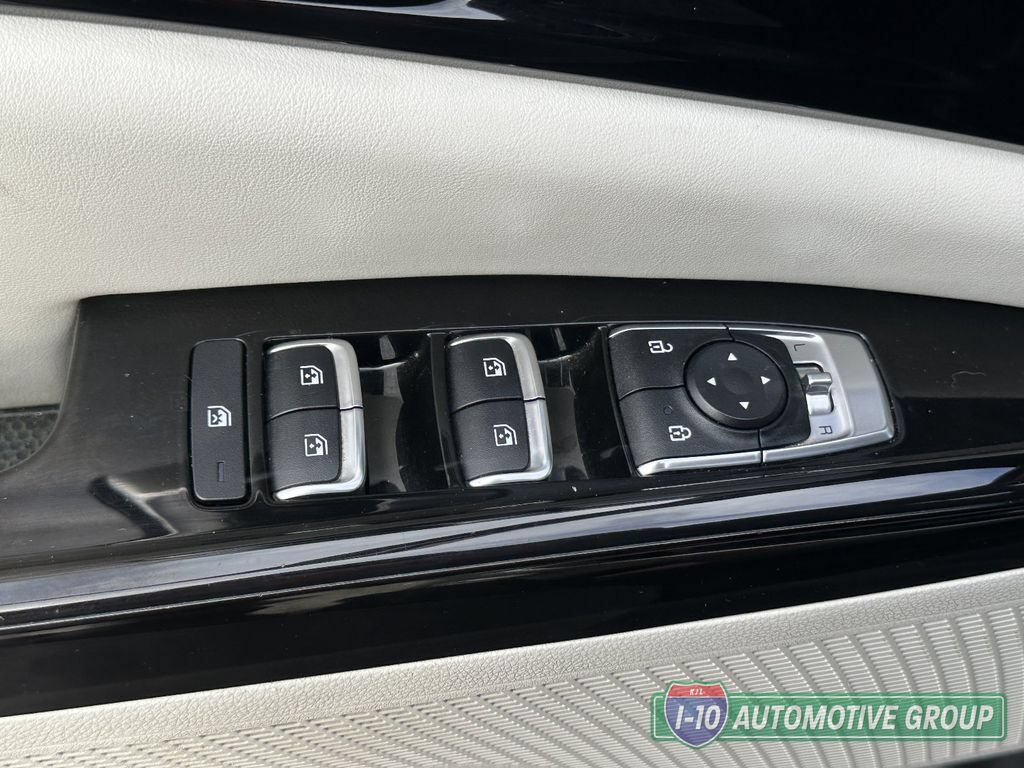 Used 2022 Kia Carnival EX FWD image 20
...
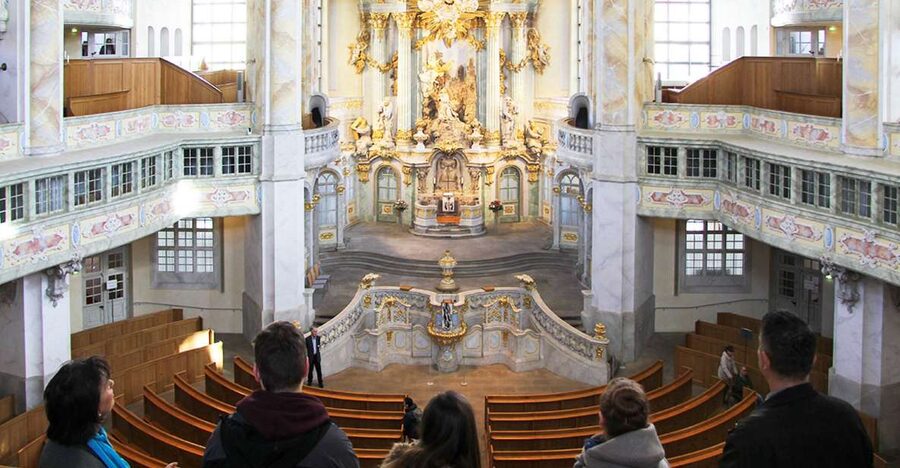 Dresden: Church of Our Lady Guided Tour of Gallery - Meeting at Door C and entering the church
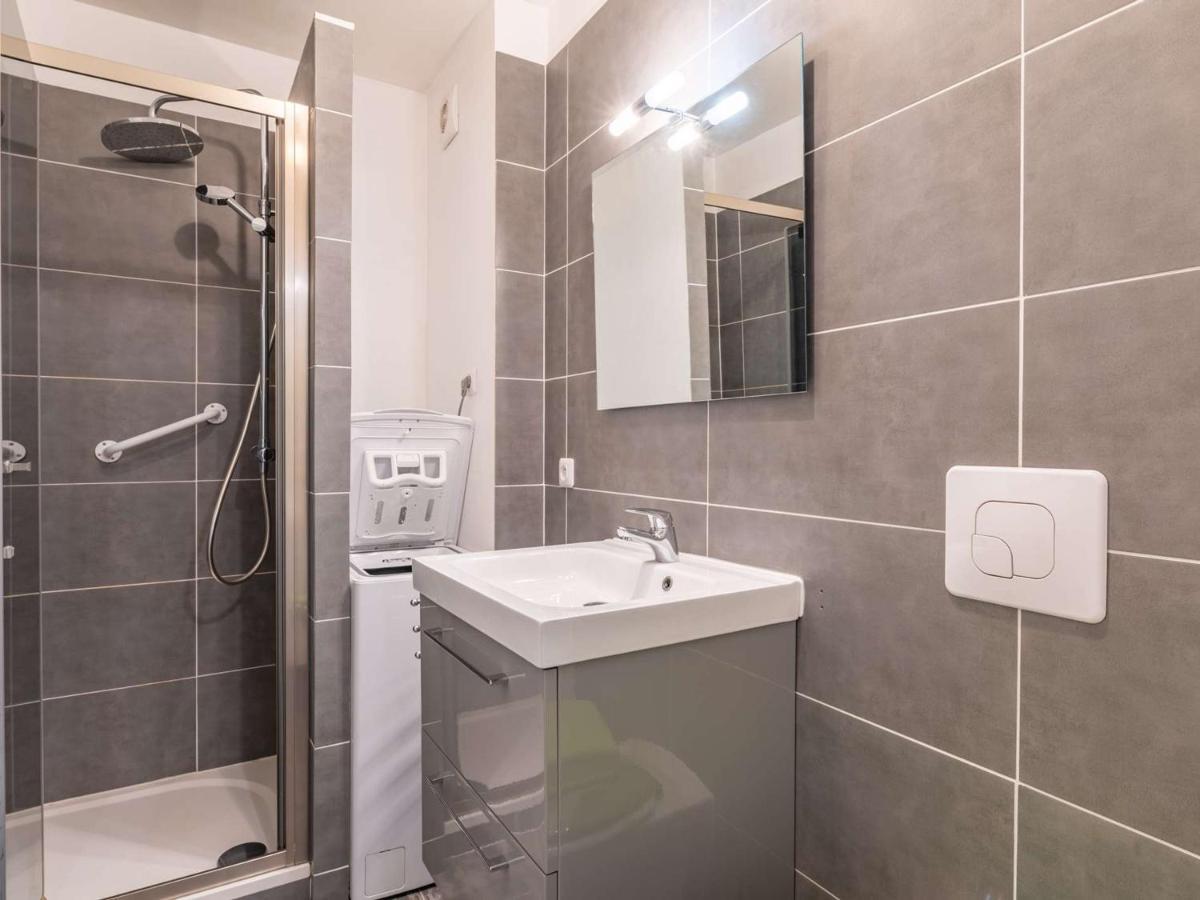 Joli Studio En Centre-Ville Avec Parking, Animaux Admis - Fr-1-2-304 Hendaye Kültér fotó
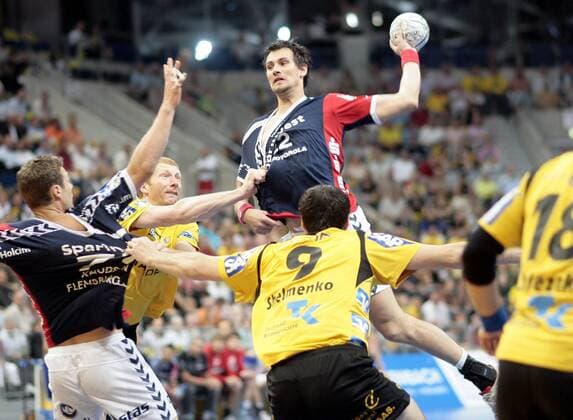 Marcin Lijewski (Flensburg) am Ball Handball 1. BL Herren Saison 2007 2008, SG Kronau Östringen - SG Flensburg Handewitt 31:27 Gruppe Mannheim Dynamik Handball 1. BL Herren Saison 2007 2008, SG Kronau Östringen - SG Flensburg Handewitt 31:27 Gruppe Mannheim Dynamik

WHAT YOU WILL DO: Although pictures appear among the records above, write out exactly only the lines from the one that has "Dresden: Church of" through the one that has "Marcin Lijewski (Flensburg)", and leave the pictures out.

ANSWER TO THIS PROBLEM:
 Dresden: Church of Our Lady Guided Tour of Gallery - Meeting at Door C and entering the church
 Joli Studio En Centre-Ville Avec Parking, Animaux Admis - Fr-1-2-304 Hendaye Kültér fotó
 Marcin Lijewski (Flensburg) am Ball Handball 1. BL Herren Saison 2007 2008, SG Kronau Östringen - SG Flensburg Handewitt 31:27 Gruppe Mannheim Dynamik Handball 1. BL Herren Saison 2007 2008, SG Kronau Östringen - SG Flensburg Handewitt 31:27 Gruppe Mannheim Dynamik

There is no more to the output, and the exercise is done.